[Short web captions]
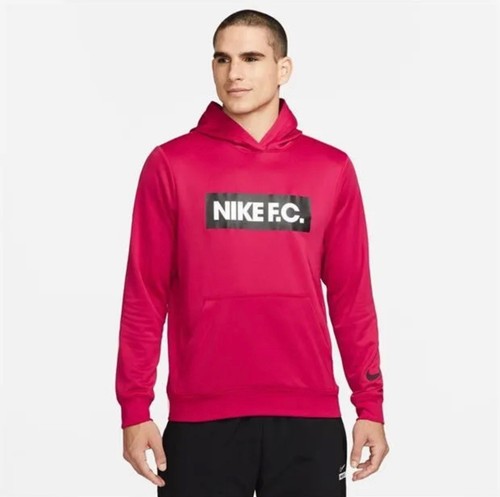 Nike hoodie hoody men pink - nike, men's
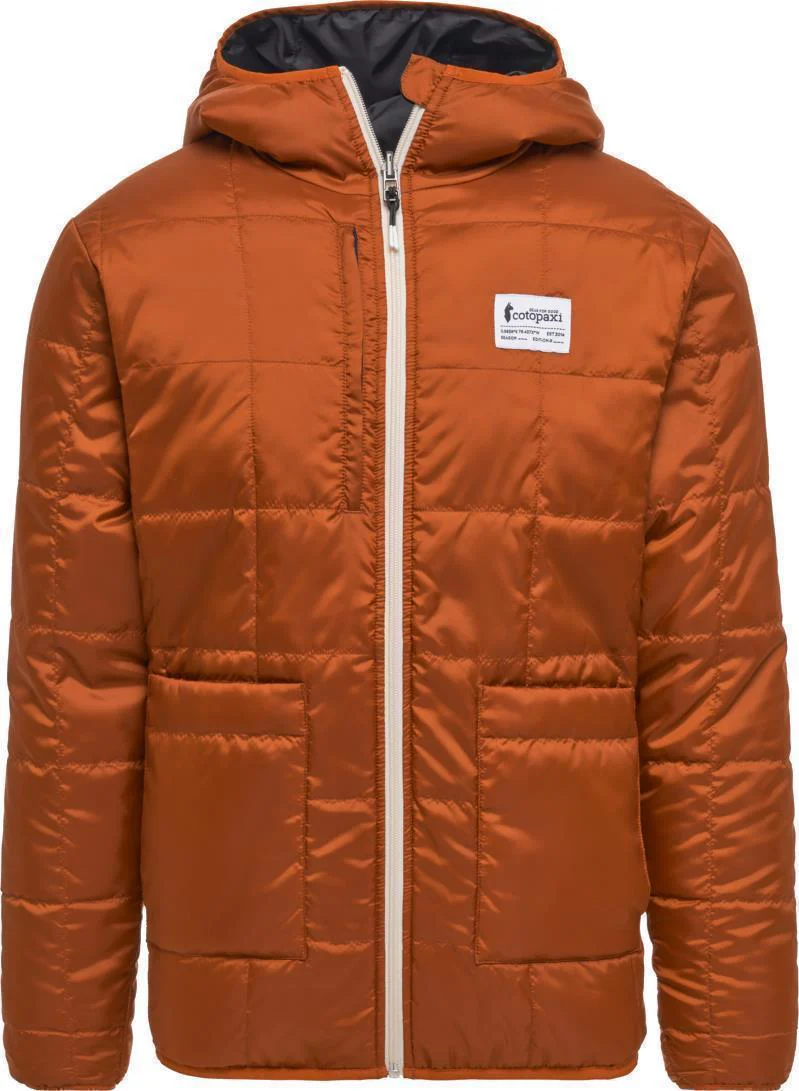 Teca Calido Reversible Hooded Jacket - Mens - Image 28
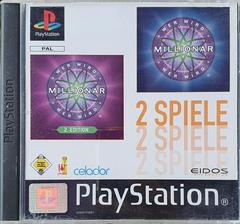 2 Games Who Wants to be a Millionaire - PAL Playstation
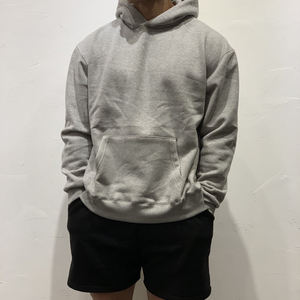 Men Boxy Fit Oversized <b>Hoodie</b> Heavyweight Cotton Hooded Sweatshirt Urban Casual Streetwear Everyday Comfort Wear - Product Image 4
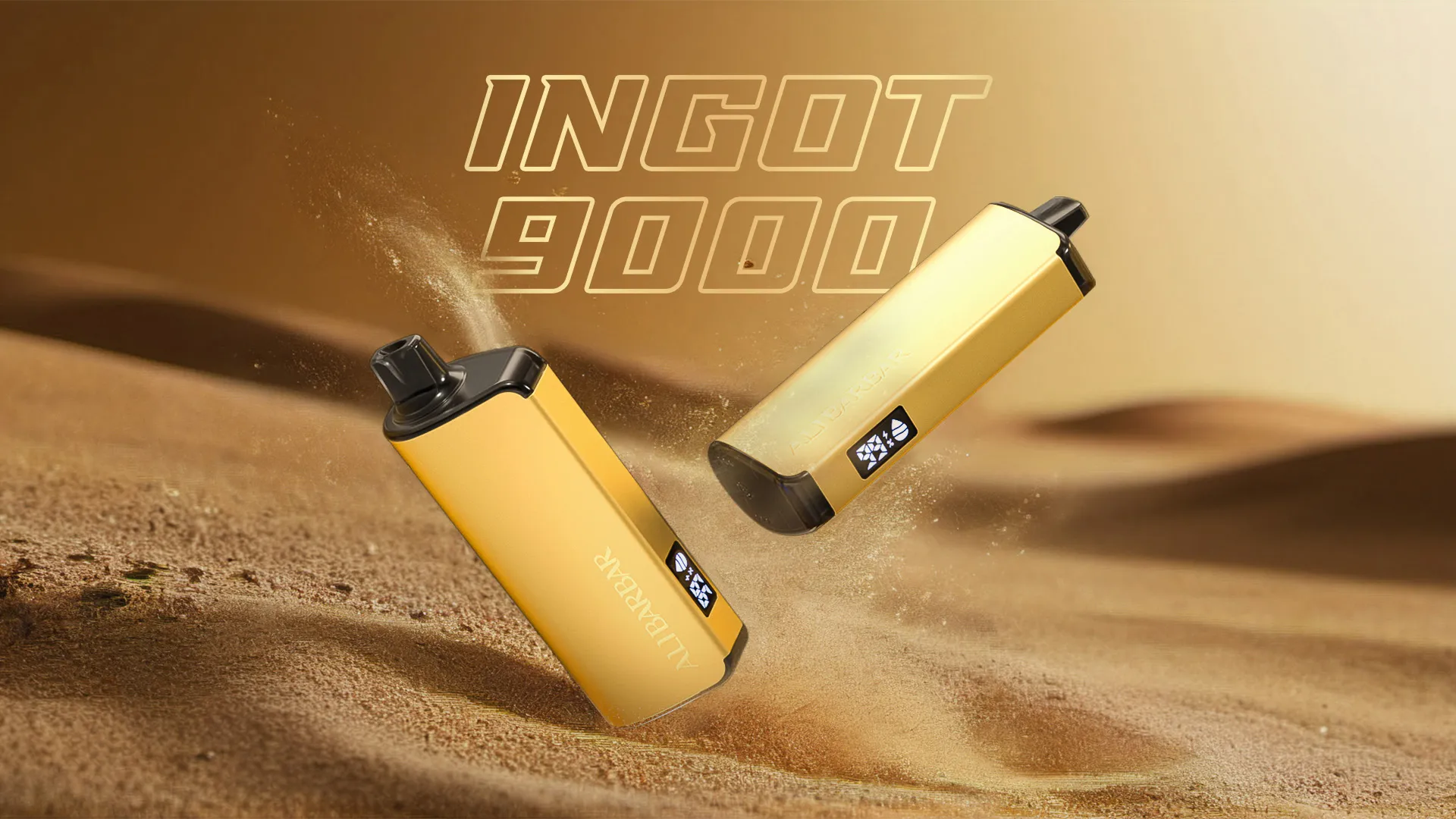 Alibarbar INGOT 9000 Puffs view 2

* **TO DO**: All lines above between the line that contains "Men Boxy Fit" and the last line of the entries, both included, must be transcribed exactly. No pictures are to appear.

* **RESPONSE AREA**:
 Men Boxy Fit Oversized <b>Hoodie</b> Heavyweight Cotton Hooded Sweatshirt Urban Casual Streetwear Everyday Comfort Wear - Product Image 4
 Alibarbar INGOT 9000 Puffs view 2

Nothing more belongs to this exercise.